With all the stuff I do and 2 kids at home, 25 minutes of uninterrupted writing is a pipe dream.


----------



## deilaitha (Oct 14, 2013)

This sounds great for those who are currently writing.  What about staying motivated for editing?  I am currently editing my WIP and so word count isn't exactly the objective--quality is.  Granted, there is some additional writing involved. I have stopped looking at the word count, though. 

Setting a timer for 25 mins sounds great and all, but editing requires a lot of pausing and thinking time.  It's easy to let the mind wander, and next thing you know your time is up and you have changed five words and written an additional sentence. 

Granted, I haven't tried this with a timer, but  I am going to give it a shot.  I haven't done this kind of thing since college (it was kind of depressing since in math proof 25 mins was common for solving a single problem, and in lit it involved combing research only to find that you need to look at a something else instead).


----------



## A. E. Lowan (Oct 14, 2013)

This may sound weird and get me chased around with rolled-up manuscripts, but I actually like editing.  For me it's getting to spend more time with old friends.  I see editing as polishing a quenched sword.  Sure, it looks like crap now, but with every pass something wonderful is coming to light, and you can see the finished blade coming to light before your eyes.


----------



## A. E. Lowan (Oct 14, 2013)

GeekDavid said:


> Step 0. Turn off Mythic Scribes so it doesn't distract you.



Again, going to sound weird, but writing with Mythic Scribes in my backdrop has caused my productivity to skyrocket, even with the distraction factor.  It may have something to do with the fact that I have written with a partner my entire adult life, but who knows?  The idea of a "shared" work space as I am writing, and the ability to shoot off questions to other writers who are doing the same thing as me, at the same time, is remarkably comforting.


----------



## GeekDavid (Oct 14, 2013)

A. E. Lowan said:


> This may sound weird and get me chased around with rolled-up manuscripts, but I actually like editing.  For me it's getting to spend more time with old friends.  I see editing as polishing a quenched sword.  Sure, it looks like crap now, but with every pass something wonderful is coming to light, and you can see the finished blade coming to light before your eyes.



(Gets out rolled up manuscript... wait, it's in Word format, I have to print it first. Too much trouble.)

Seriously, I think looking at it that way might help me hate editing a little bit less.


----------



## wordwalker (Oct 15, 2013)

GeekDavid said:


> (Gets out rolled up manuscript... wait, it's in Word format, I have to print it first.
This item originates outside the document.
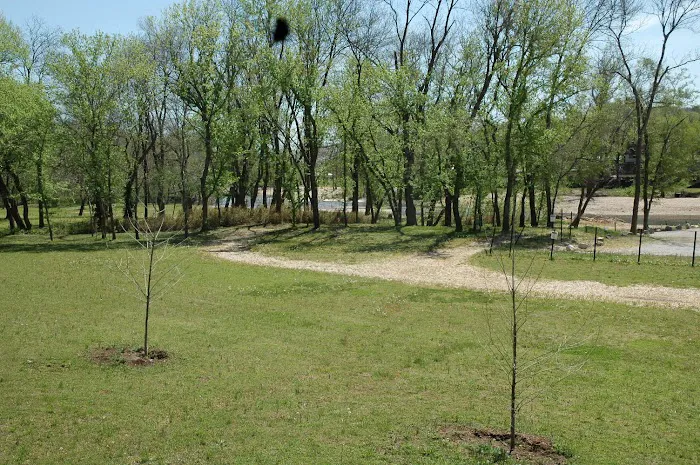 Shady Beach Floats Picture 4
Too much trouble.



So your bark is worse than your bytes?


----------



## GeekDavid (Oct 15, 2013)

wordwalker said:


> So your bark is worse than your bytes?



Get thee to a punnery!


----------



## Addison (Oct 15, 2013)

Setting a time is a great strategy. Falling behind defeats the strategy just as much as going over it. I once wrote for two days-without sleep-and only took breaks to microwave my food and go to the bathroom. An occasional netflix movie fell into the writing occasionally if it struck me. But when I reviewed my work the next day, everything I'd written after the first three ours was promptly deleted.


----------



## Chessie (Oct 15, 2013)

^^Which is why its important to let ourselves rest. We deserve it after hours of writing. I like to set my timer to no more than 45 mins at a time. Then I stretch or go for a hike or whatever. Then I come back to another session. Otherwise my brain shuts off and I get resentful of my art itself.


----------



## Addison (Oct 15, 2013)

Exactly. I've found that I can write for two hours without my writing degrading. But I usually write for one, maybe one and a half, before I take a break to stay ready.


----------



## deilaitha (Oct 15, 2013)

A. E. Lowan said:


> This may sound weird and get me chased around with rolled-up manuscripts, but I actually like editing.  For me it's getting to spend more time with old friends.  I see editing as polishing a quenched sword.  Sure, it looks like crap now, but with every pass something wonderful is coming to light, and you can see the finished blade coming to light before your eyes.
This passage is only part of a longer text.